Task
The line with "Наш топ сеизмолог" marks the first line to copy, and the line with "Скриншот из игры Leviathan Blade - 6" marks the last. Transcribe that stretch of the data below exactly, without pictures.

The data
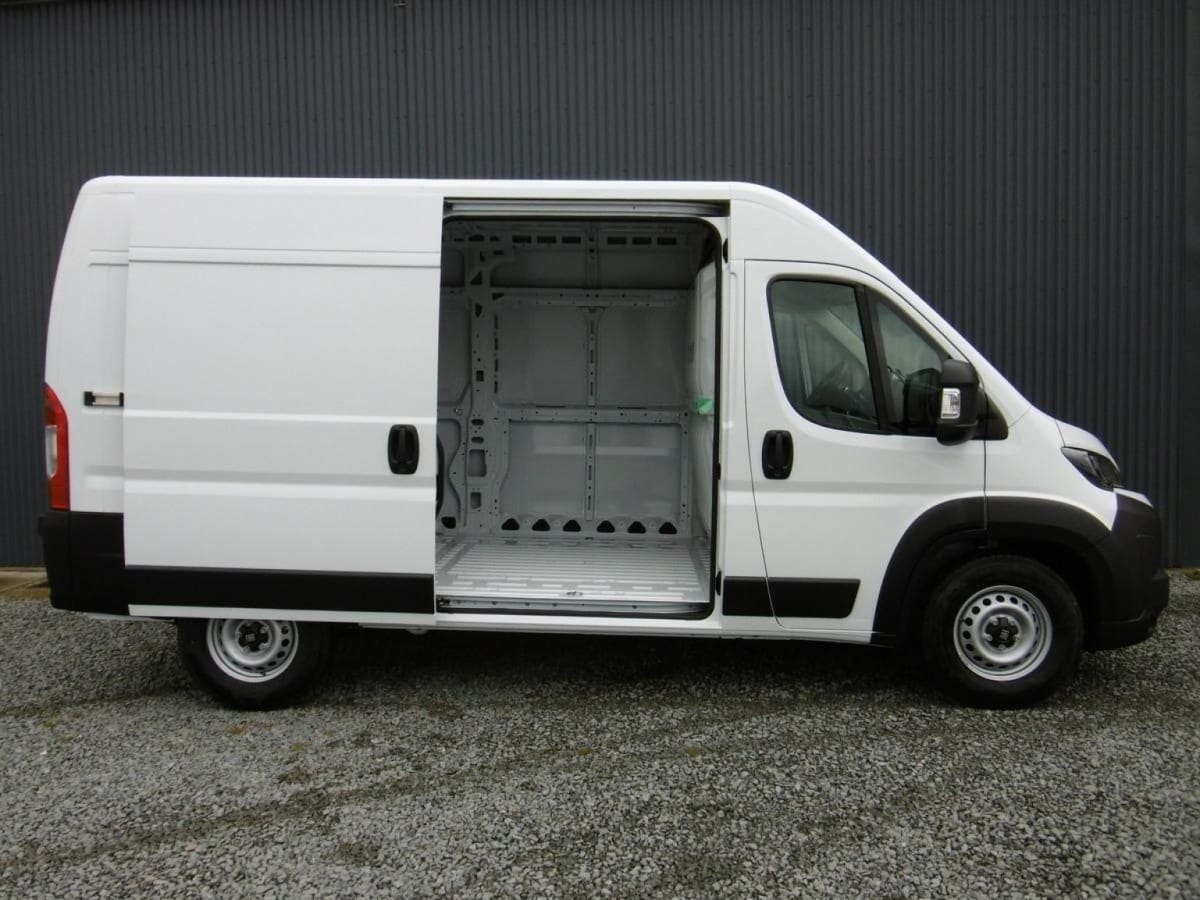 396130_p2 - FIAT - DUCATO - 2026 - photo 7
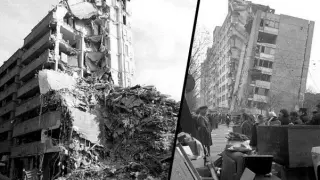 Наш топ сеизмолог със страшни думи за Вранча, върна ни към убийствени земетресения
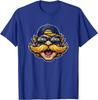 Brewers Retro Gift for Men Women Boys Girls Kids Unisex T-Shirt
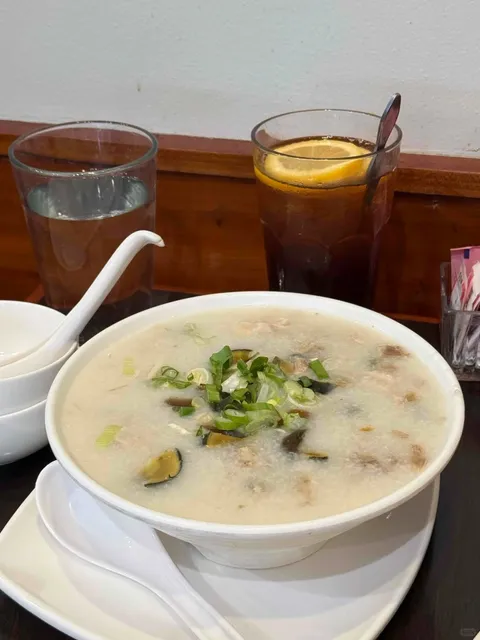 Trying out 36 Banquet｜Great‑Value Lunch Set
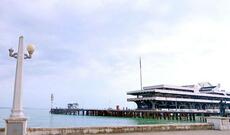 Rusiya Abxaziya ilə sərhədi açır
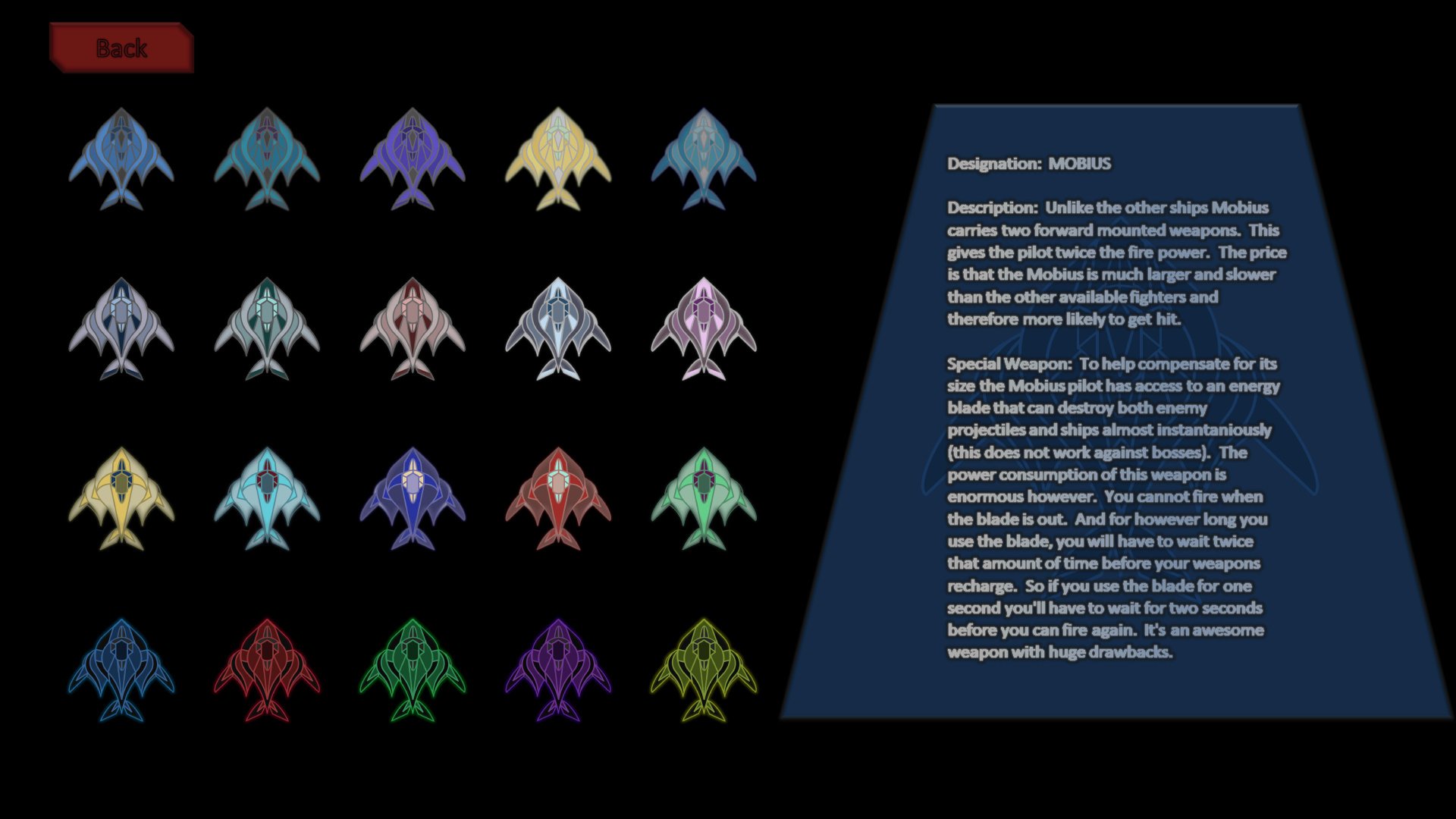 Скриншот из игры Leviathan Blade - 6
==
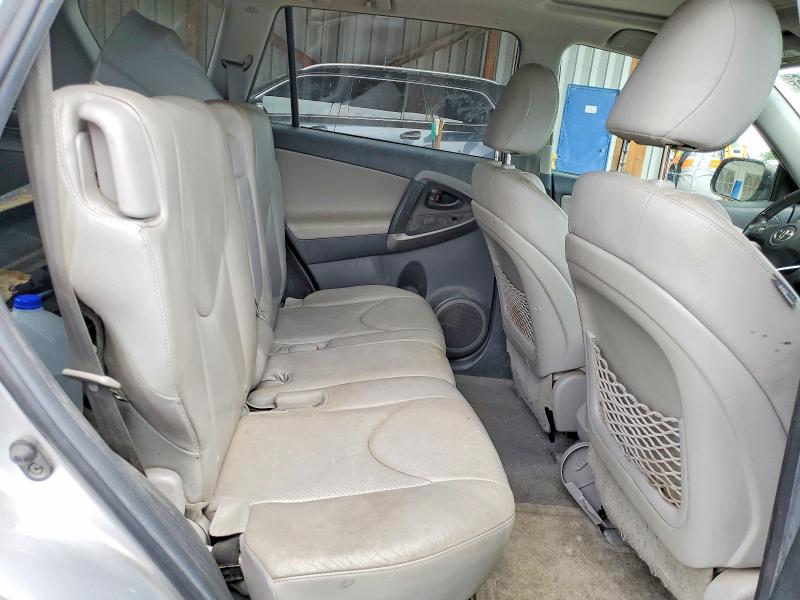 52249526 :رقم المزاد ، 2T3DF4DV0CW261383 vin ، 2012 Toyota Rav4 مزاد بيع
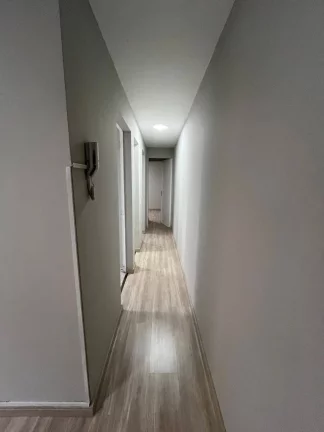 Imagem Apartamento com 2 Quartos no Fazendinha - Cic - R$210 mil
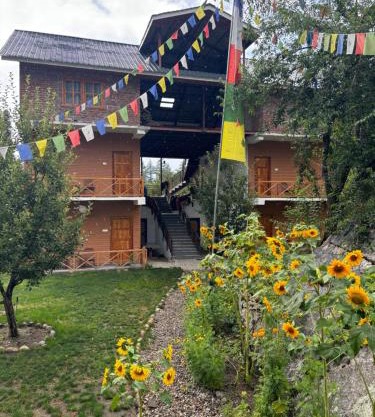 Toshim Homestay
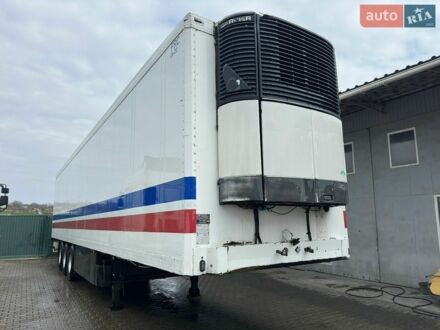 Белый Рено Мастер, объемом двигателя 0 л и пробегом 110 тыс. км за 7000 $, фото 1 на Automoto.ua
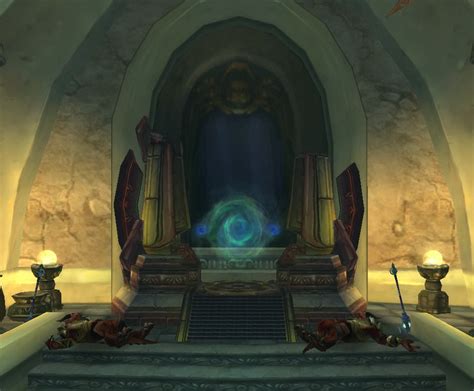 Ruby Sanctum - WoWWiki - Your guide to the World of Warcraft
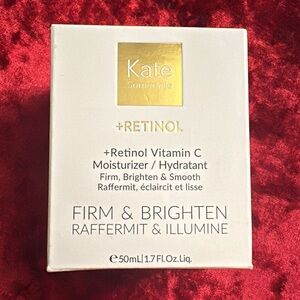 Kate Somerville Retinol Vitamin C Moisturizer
* * *
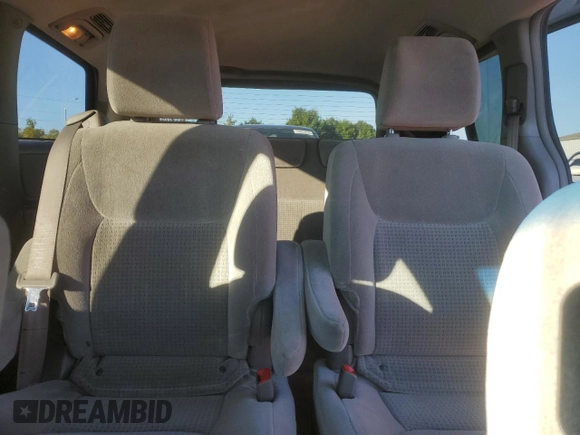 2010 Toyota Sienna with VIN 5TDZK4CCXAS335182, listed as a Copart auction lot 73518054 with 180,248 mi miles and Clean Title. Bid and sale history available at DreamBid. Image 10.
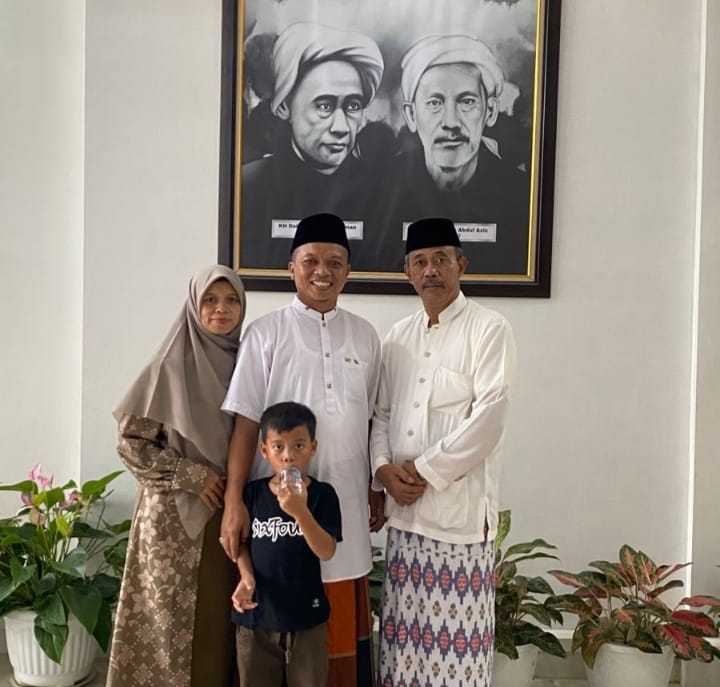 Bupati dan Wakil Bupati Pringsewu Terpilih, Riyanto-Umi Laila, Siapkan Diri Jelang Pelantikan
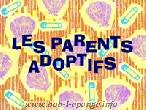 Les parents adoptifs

Response box
 Наш топ сеизмолог със страшни думи за Вранча, върна ни към убийствени земетресения
 Brewers Retro Gift for Men Women Boys Girls Kids Unisex T-Shirt
 Trying out 36 Banquet｜Great‑Value Lunch Set
 Rusiya Abxaziya ilə sərhədi açır
 Скриншот из игры Leviathan Blade - 6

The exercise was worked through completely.